Your children need and want to be with you for no other purpose than the delight of spending time together. They want you to enjoy them, listen to them and play with them. Nothing strengthens your self-esteem more! So let’s go out for a board game tonight? Playing board games is a simple and brilliant way to spend enjoyable, entertaining and quality time together. As a bonus, board games are abundant with learning opportunities. They satisfy your child’s competitive needs and desire to master new skills and concepts.

Board games don’t have to be clearly educational to be instructive. Just by playing them, games can impart important skills such as communication, waiting, sharing, taking turns, drawing, spelling, trivia, imagination, and enjoying interaction with others. Board games can promote your child’s attention span and attention span, all things that video games and social media tend to degrade. Even simple board games like “Sorry” offer life skills like: Your luck can change in a moment, for better or worse. The intrinsic message of board games is: don’t give up. When you’re feeling down, you can get lucky and rise to the top, if you stick with the game a little longer.

Board games have clear rules and restrictions. Existing in a multifaceted society, children need defined boundaries in order to feel safe. By defining the playing field, much like soccer fields and basketball courts, board games can help your child weave their wacky, unpredictable side into a more orderly, developed, and socially acceptable personality. After all, staying within limitations is critical to living a positive academic and social life.

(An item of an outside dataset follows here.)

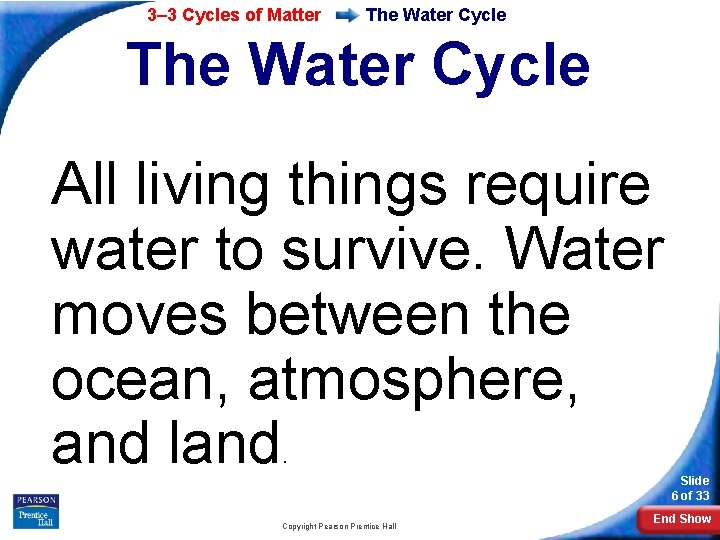 3– 3 Cycles of Matter The Water Cycle All living things require water to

Kids are serious about playing board games, so it’s vital that we guide them through the challenge. When a game piece goes wrong, our children feel very sad; when they promote it, they are delighted, although we know that it happened by pure luck. Therefore, you must help balance your child’s enjoyment of playing with his limited ability to deal with frustration and loss.

For children under the age of 5, winning is crucial to a sense of accomplishment. To a large extent, I think it’s okay to “help” them or even let them win. Around the age of 6, children should begin to embrace the rules of fair play, however questionable they may seem to a child who is losing. So I’m also okay with a six year old “adjusting” the rules to win if he feels the need to. I encourage you to recognize your child’s need for clear rules. At the beginning of the game, she may want to ask, “Are we playing by standard rules or special rules?”

Although in the end we must teach morals, standards, educational skills and the importance of following the rules, in the younger years, the main goals are to help your child to have more self-confidence and motivation, and to appreciate playing with others. If you are playing a game with more than one child, break the family into teams and give each player a task they can do well: a younger child might be in charge of rolling the dice (which they think is important, since which is where luck comes from), and an older child the task of managing Monopoly money or being the banker.